Il problema, però, è che pochissimi ristoratori rispettano queste scadenze. «E non perché non vogliano: semplicemente, la maggior parte non sa nemmeno che esiste questo obbligo», denuncia.
Costi occulti, rischi reali: cosa succede se si ignora la manutenzione
Gli impianti sporchi diminuiscono l’efficienza e aumentano i consumi energetici. «Se non si interviene, si abbassa l’efficienza dell’impianto, aumentando il costo energetico», sottolinea Rota. Inoltre, la polvere e i residui di grasso favoriscono la proliferazione di batteri, muffe e legionella. La mancata manutenzione può anche causare guasti immediati, come il blocco del motore della cappa, e problemi igienico-sanitari evidenti, come gocciolamenti di grasso sui piatti.

La responsabilità ricade sul titolare del ristorante: sanzioni amministrative e conseguenze penali possono derivare dal mancato rispetto delle normative. La normativa sugli impianti di estrazione e aerazione è a volte interpretata in modo soggettivo dalle autorità locali, rendendo fondamentale l’intervento di aziende specializzate come BG Service. «Non è solo una questione di costi, ma di etica professionale», conclude Rota.
L’etica della manutenzione
Rota parla con passione e senso civico. «Non è solo una questione economica, ma di etica professionale. Quando apro certi impianti e vedo cosa c’è dentro, resto senza parole. Lo faccio vedere ai titolari e chiedo: “Secondo te è etico che i tuoi dipendenti e i tuoi clienti respirino quest’aria?”. La risposta è ovvia».

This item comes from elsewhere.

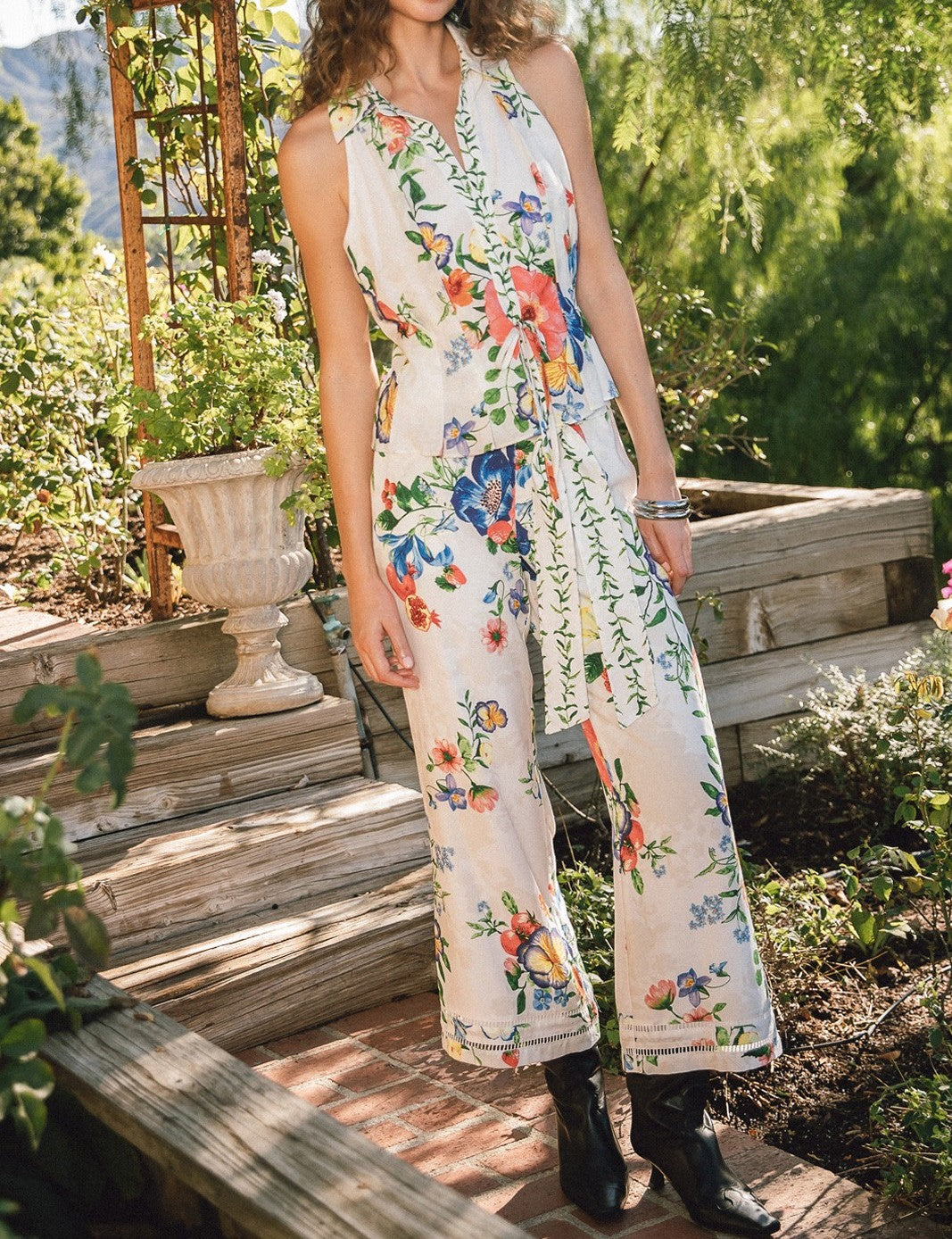 MULTI COLOR FLORAL PRINT WAIST TIE HIGH RISE FULL LENGTH WIDE LEG PANT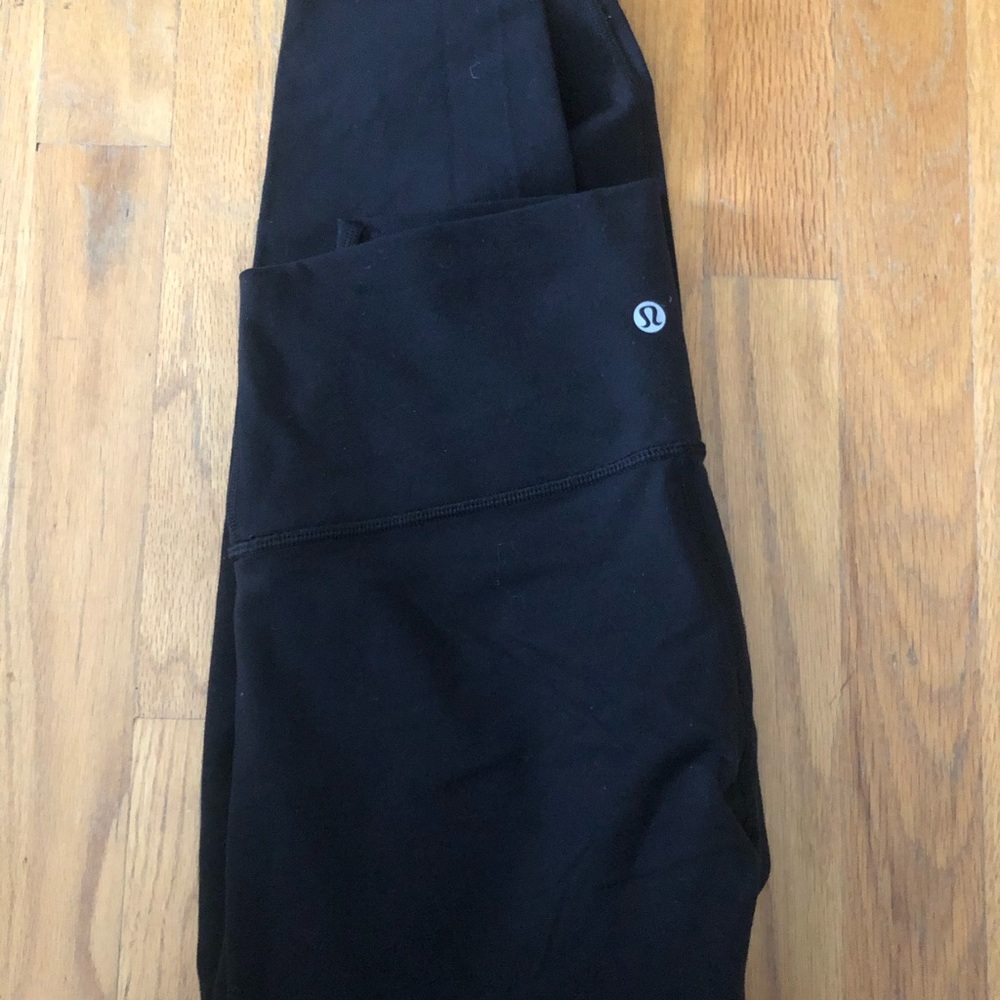 Lululemon wunder under black leggings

Secondo il tecnico, i ristoratori dovrebbero vedere la manutenzione non come una spesa, ma come un investimento. «Un impianto pulito garantisce aria più salubre, consumi ridotti, maggior efficienza e soprattutto sicurezza. È un vantaggio per tutti».
Le criticità del settore e la carenza di professionisti
La situazione è resa ancora più difficile dal fatto che poche aziende in Italia sono in grado di gestire in modo certificato sia gli impianti aeraulici che quelli di estrazione fumi. «Saremo una decina in tutta Italia», stima Rota. «Questo significa che quando un ristoratore si trova con l’ATS alle porte e solo quindici giorni per sistemare tutto, deve correre - e far correre noi».

E mentre la legge sugli impianti d’aria è chiara, quella sugli impianti di estrazione resta “grigia”. «Il rischio incendio e le condizioni igienico-sanitarie devono essere garantite, ma nessuno definisce in modo oggettivo cosa significhi “pulito” o “a norma”. In alcune province un tecnico dell’ATS ti dice una cosa, in altre ti dicono l’opposto».
Un obbligo (e un’opportunità): l’aria pulita è business
Per Rota, la consapevolezza sta lentamente crescendo, anche grazie a incontri e iniziative promosse dalle associazioni di settore. «In questi giorni abbiamo un incontro nazionale proprio per dare maggiore visibilità a questo tema e favorire un adeguamento normativo più uniforme», spiega.

Ma il messaggio finale resta un monito forte ai ristoratori: «Non aspettate l’ispezione dell’ASL per intervenire. La manutenzione periodica degli impianti non è un optional, ma un obbligo di legge e una responsabilità verso clienti e collaboratori. Chi la trascura mette a rischio non solo la salute degli altri, ma anche la propria attività».
Ventilazione e manutenzione non sono orpelli burocratici: sono strategie operative che impattano direttamente su comfort, reputazione e marginalità. Ogni cliente che respira aria pulita resta più volentieri, spende di più e torna più spesso. Ignorare questi aspetti, al contrario, significa regalare clienti al vicino - e qualche grana (anche legale) alle autorità sanitarie. In sintesi: chi investe nell’aria non fa beneficenza, fa business intelligente.